*WHAT THIS TASK INVOLVES:*
Shown below are entries with pictures; the line with "Zdjęcie 13 z" through the line with "Celeste | Off-Shoulder Maxi Dress with Slit" is the span to retype exactly, and the pictures stay out.

*GIVEN DATA:*
-------------------------
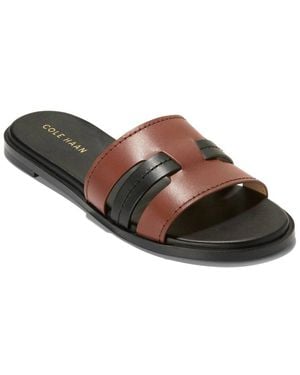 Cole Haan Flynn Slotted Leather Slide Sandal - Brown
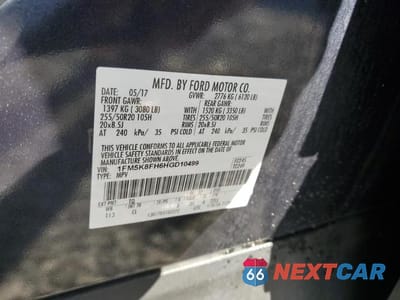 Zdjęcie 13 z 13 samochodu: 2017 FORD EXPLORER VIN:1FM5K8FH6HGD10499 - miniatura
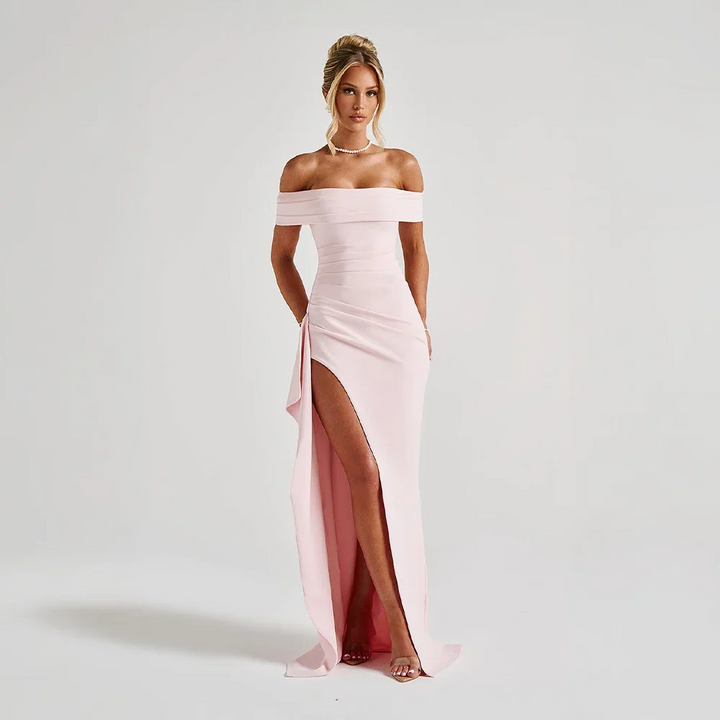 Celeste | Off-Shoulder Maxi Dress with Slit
-------------------------
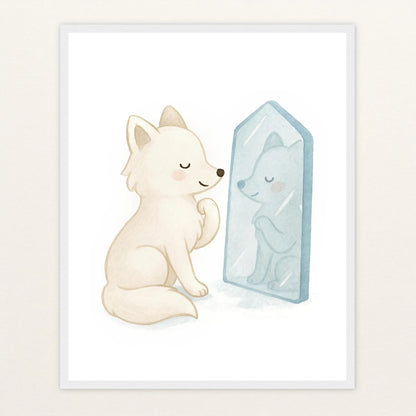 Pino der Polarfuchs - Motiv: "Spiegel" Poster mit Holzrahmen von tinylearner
-------------------------
*FINAL ANSWER:*
 Zdjęcie 13 z 13 samochodu: 2017 FORD EXPLORER VIN:1FM5K8FH6HGD10499 - miniatura
 Celeste | Off-Shoulder Maxi Dress with Slit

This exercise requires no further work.